A while later Todd and I got to know each other more and became friends. He’s even made the trek down to visit me at Bonafide Farm. I very much appreciate his humor and intellectual curiosity as well as his willingness to pitch in with nonglamorous labor such as driving me to the airport and and helping me move. Which involved Todd carrying about a hundred heavy book boxes, one on each shoulder, two at a time out of my third-floor apartment—a sight and a kindness I won’t forget!
Well, this latest visit was no exception, as we dug an entire bed of irises and daffodils out of his back yard. These are old beds that were planted sometime before Todd moved into the property by someone who obviously loved gardening. It was hard to tell how old the beds were, but the irises had completely filled them with exposed rhizomes growing up and over the brick edges. Definitely good candidates for division!
Though Todd has been living in Barton Manor for many, many years, one day he will have to move out and the property will succumb to the new development that’s overtaking the Clarendon area. Todd wants to make sure every last useful piece of the house and yard, living and not, is salvaged before the demolition begins. Which is how I came home with this:
Those contractors’ bags were full of soil and plants. They were so heavy I had to call in reinforcements just to get them out of the truck. Thank goodness for the tractor!

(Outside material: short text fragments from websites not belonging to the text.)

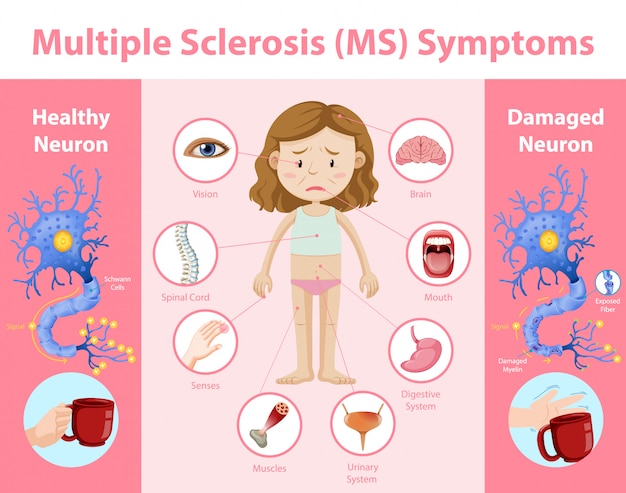 Infografia De Informacion De Sintomas De Esclerosis Multiple Em Vector Gratis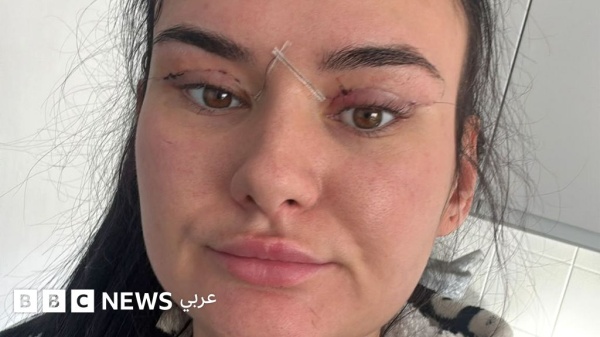كيف تصبح بعض عمليات رأب الجفون وصفة لكارثة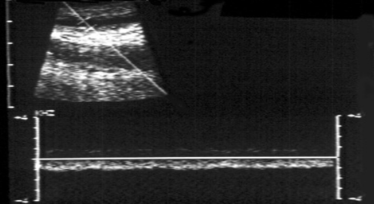<p>what does this waveform represent</p>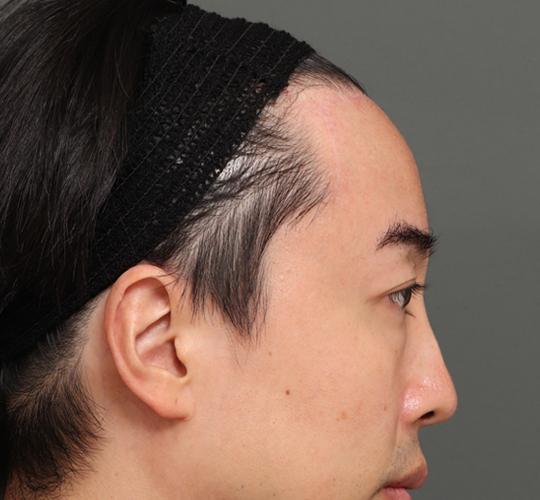 40代男性の額縮小 After 症例写真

It took me an entire day to get these irises and daffodils planted in the beds around the house, below. By the end I was running out of spaces to put them, so I stuck a few clumps of daffodils around the giant oak tree at the wood line.
To my surprise the daffodils, which were in bud when we dug them, went ahead and bloomed as though their relocation had never happened. I was very thrilled to see that some of them are a fascinating type that bloom with a yellow corona (the center cup part) that then fades to a peachy pink as the blossom ages. Very cool!
I totally didn’t expect it, given the late transplanting, but several of the irises also bloomed as though nothing had happened. I guess they like their new home.
I am very grateful to Todd for his gift and glad to see a bit of Barton Manor live on at Bonafide Farm. Seeing these plants remind me not only of my years spent living in the city but also of my good friend.